9. PAYMENT OF ACCOUNT BALANCE.
(a) PERIOD OF DEFERRAL. When making the first deferral election under
Paragraph (a) of Section 5, a Participant shall elect to receive all deferred
Compensation, Matching Allocations, and Excess ESOP Allocations either in a
lump-sum payment within 45 days following his death, Disability, or termination
of employment or in a number of annual installments (not to exceed four), the
first of which would be payable within 45 days following his death, Disability
or termination of employment with each subsequent payment payable one year
thereafter. The account balance shall be valued using the Fair Market Value of
the Company's Common Stock on the last day of the calendar month preceding
payment and shall be converted to a cash balance based upon such Fair Market
Value. Under an installment payout, the Participant's first installment shall be
equal to a fraction of the balance credited to his account as of the last day of
the calendar month preceding such payment, the numerator of which is one and the
denominator of which is the total number of installments selected. The amount of
each subsequent payment shall be a fraction of the balance in the Participant's
account as of the last day of the calendar month preceding each subsequent
payment, the numerator of which is one and the denominator of which is the total
number of installments elected minus the number of installments previously paid.

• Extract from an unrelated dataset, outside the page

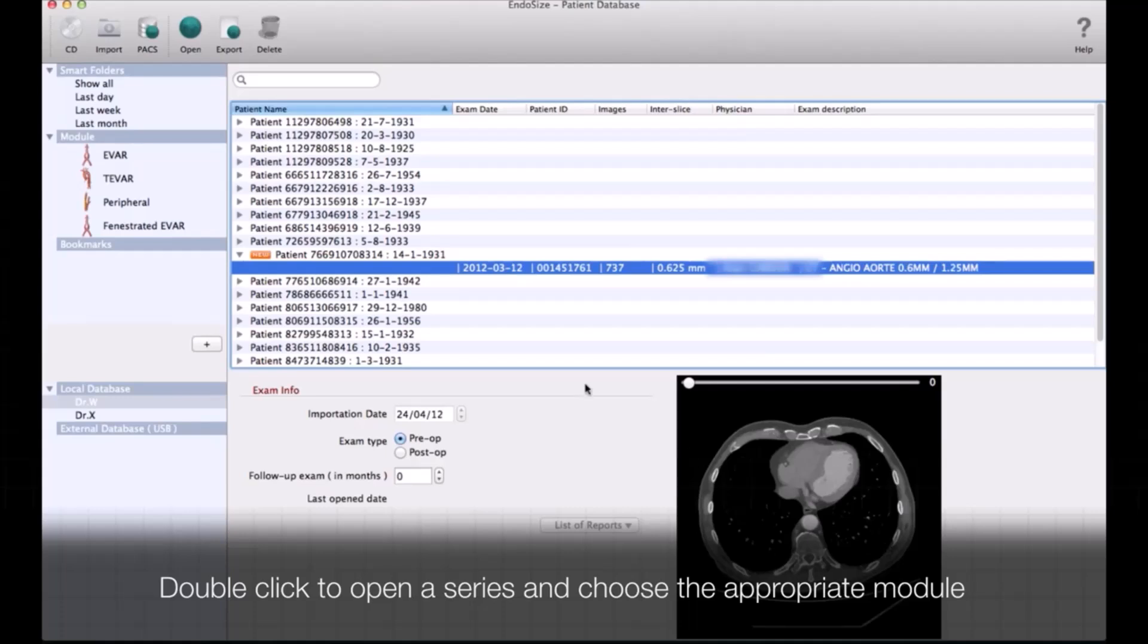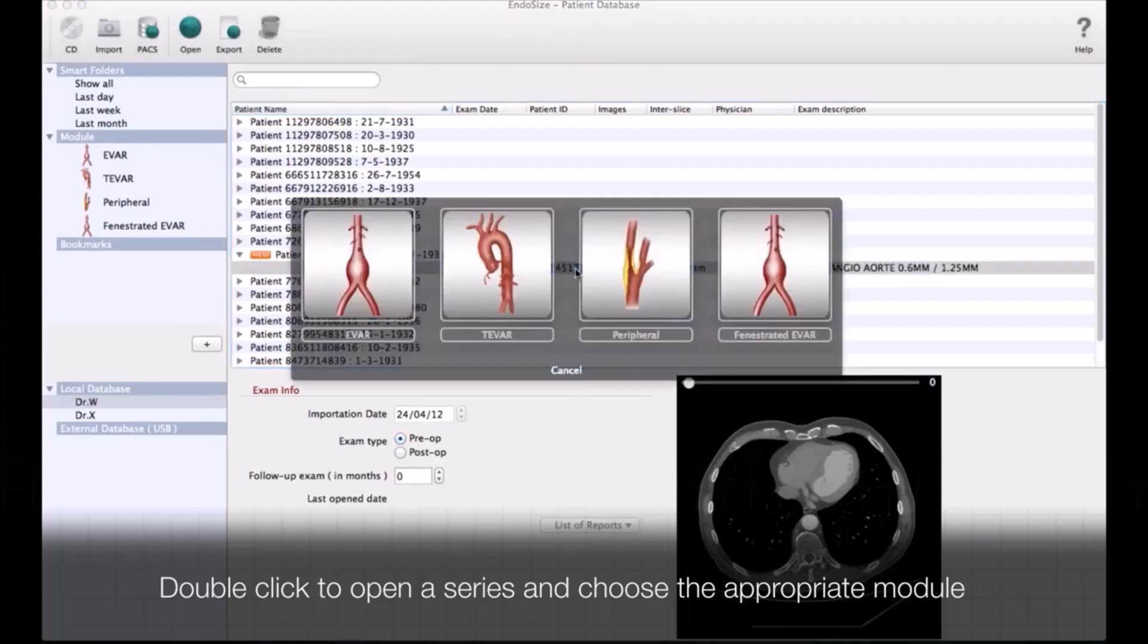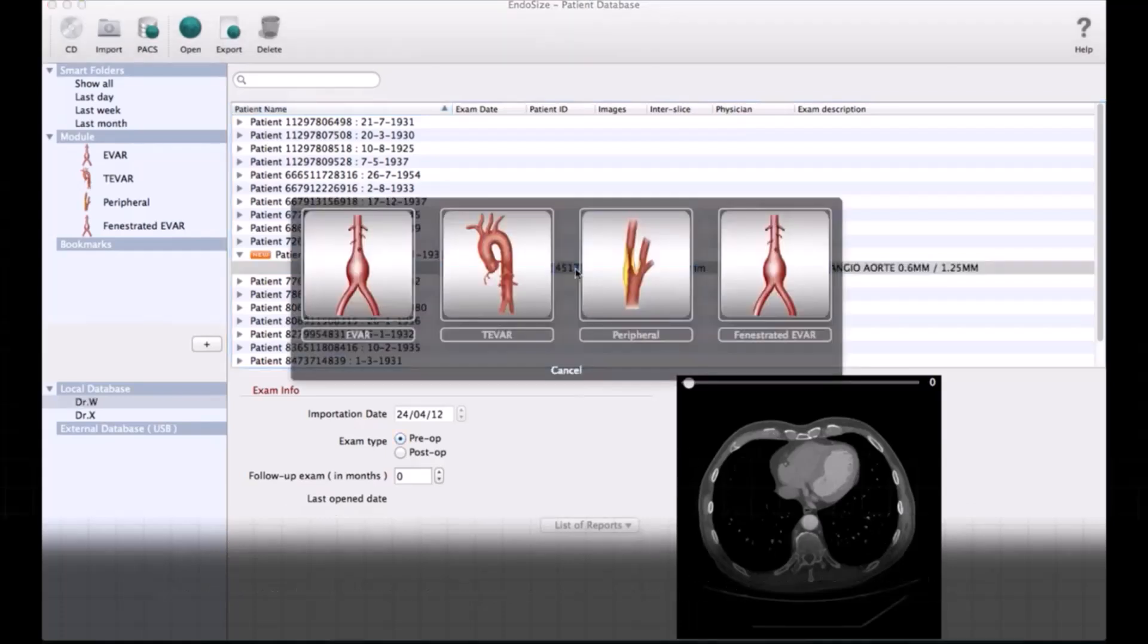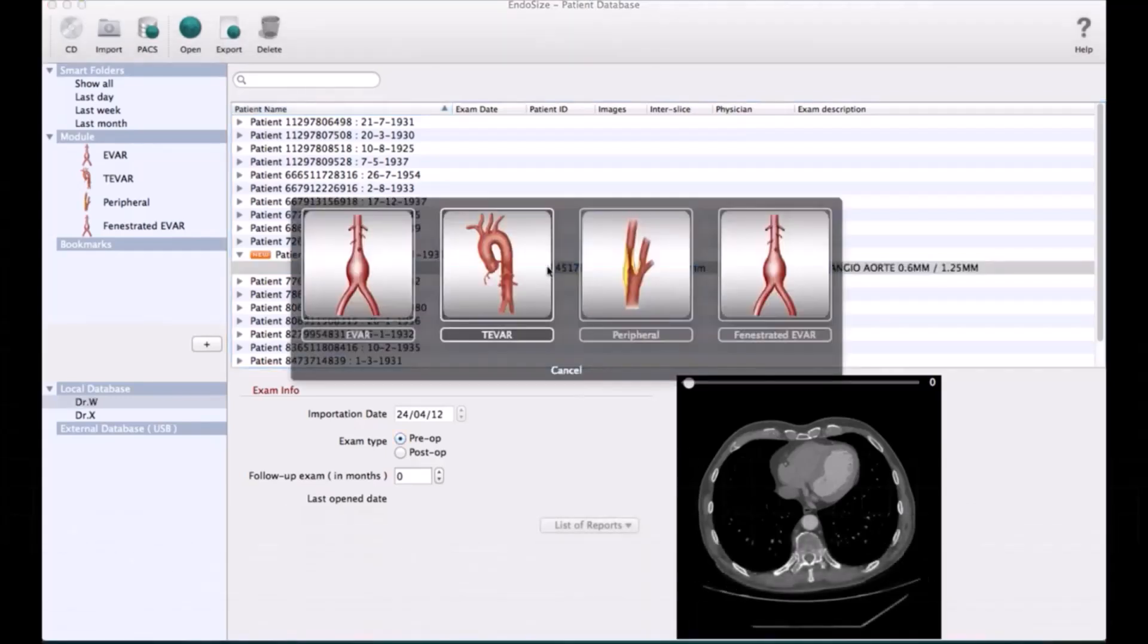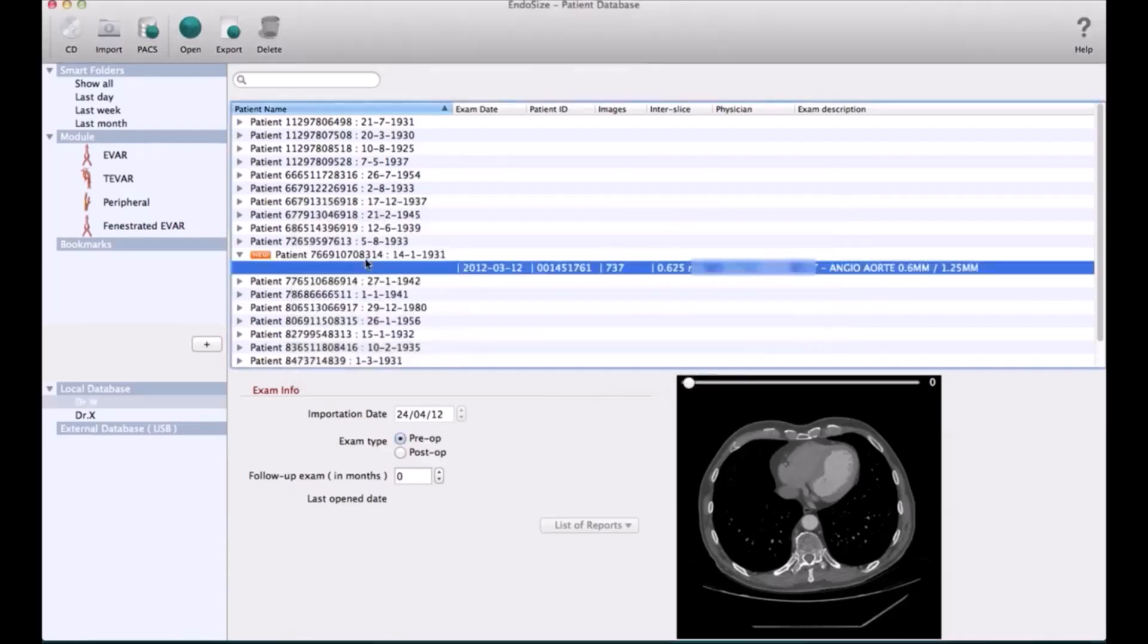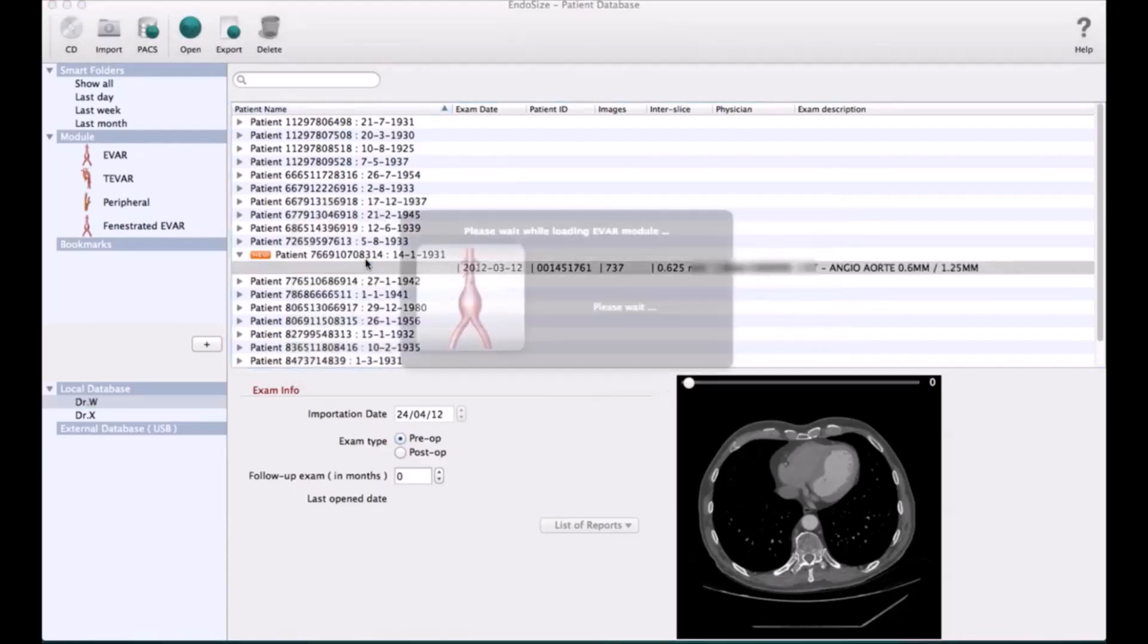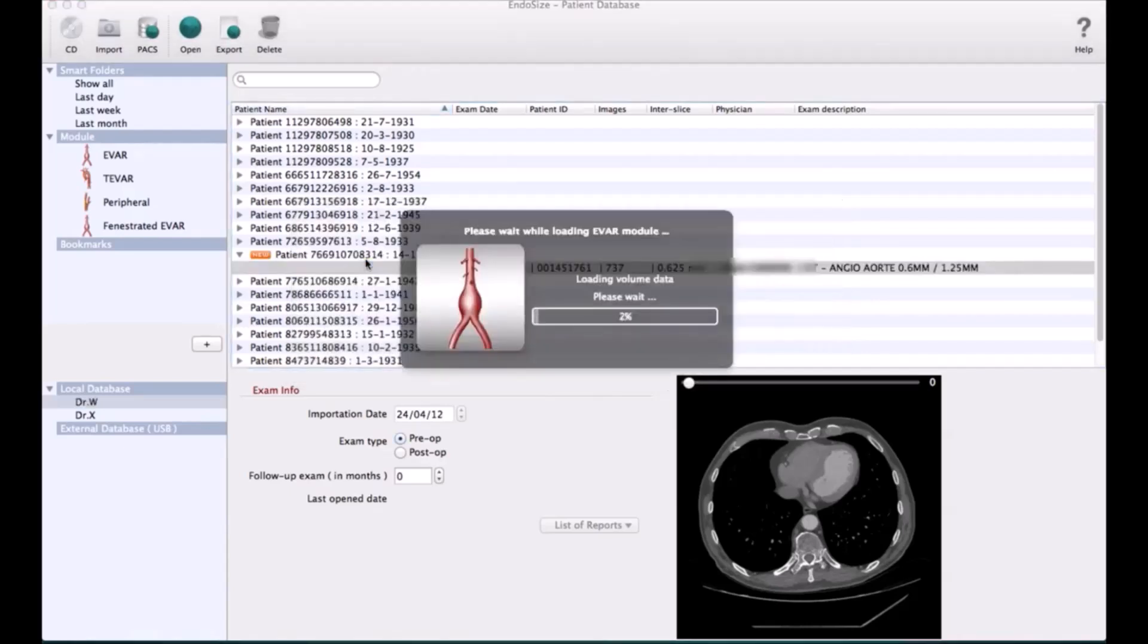Then it will import the system. You select this is the EVAR, and after that it will import into the EndoSize, Thereneva.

(b) ADVERSE TAX DETERMINATION. If there is a determination by the Internal
Revenue Service (IRS) that a Participant should be taxed on some or all of the
amounts allocated to his account prior to the distribution date(s) elected under
Paragraph (a) of this Section 9, the
5
<Page>
Participant may elect to have all amounts determined to be currently taxable
paid to him immediately prior to the time he must pay any taxes owed as a result
of such IRS determination.
(c) CHANGE IN CONTROL. Notwithstanding any other provision of this Plan, in
the event of a "Change in Control" of the Company, all Deferred Shares credited
to a Participant's account shall be converted to cash equal in amount to the
Fair Market Value of the Deferred Shares if converted into shares of the
Company's Common Stock. The cash shall be distributed to him within 60 days
following the Change in Control. The account balance shall be valued using the
Fair Market Value of the Company's Common Stock on the last day of the calendar
month preceding payment.
A Change in Control of the Company shall be deemed to have occurred if (i)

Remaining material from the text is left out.